MARTINSBURG, W.VA. >> How did Americans live during World Wars I and II?
Since neither of these conflicts was fought on U.S. soil (except for Hawaii), did they still take a toll on daily life?
Two Shepherd University history students — Susan Crowell of Hagerstown, Md., and Alex Shanholzer of Martinsburg — have put together an exhibit that helps visitors understand what was happening on the home front while conflict raged overseas.
Their exhibit is mounted in the upstairs bedroom of the childhood home of Belle Boyd, the infamous Civil War spy, in Martinsburg, where it will remain until the end of the year.
The building at 126 E. Race St., owned by the Berkeley County Historical Society, also houses the Martinsburg-Berkeley Convention and Visitors Bureau. It is open year-round. Hours are 9 a.m. to 5 p.m. Mondays through Fridays, 9 4 Saturdays and Sundays.
In a corner of the bedroom, a home scene is set up with a mannequin clothed as a Boy Scout and the other representing a vigilant mother in period clothing. The image is meant to recreate what life would seem like to those left behind after the father has gone to war.
Among the objects on display are a 1920s camera and a Victrola Credenza with 78-speed records.
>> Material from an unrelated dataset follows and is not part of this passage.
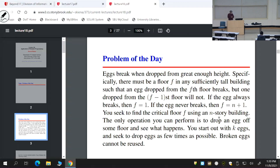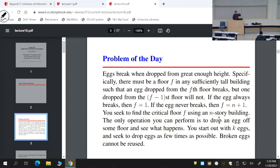What I'd like to talk about today is dynamic programming. The problem of the day is one I really like. You're a scientist studying the properties of eggs. If you drop an egg from a high enough height it breaks; if you drop it from a small height it doesn't. There is a critical height: the egg breaks if dropped from above it, and doesn't break if dropped from below it. We'd like to find that critical height using a building with N floors.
The record player was repaired by Shanholzer, who contributed his technical skills so visitors could hear period music.
Crowell described the challenges of life then, and the ways people managed to deal with them and contribute to the war effort.
"People can learn what food you could buy under the rationing system, and how they encouraged victory gardens," said Crowell. Plus, there is "a recycling center with a game where visitors can match what everyday items like paper bags, paper clips, stockings, and rubber bands would have been used for in wartime, such as gas masks, weapons, and parachutes."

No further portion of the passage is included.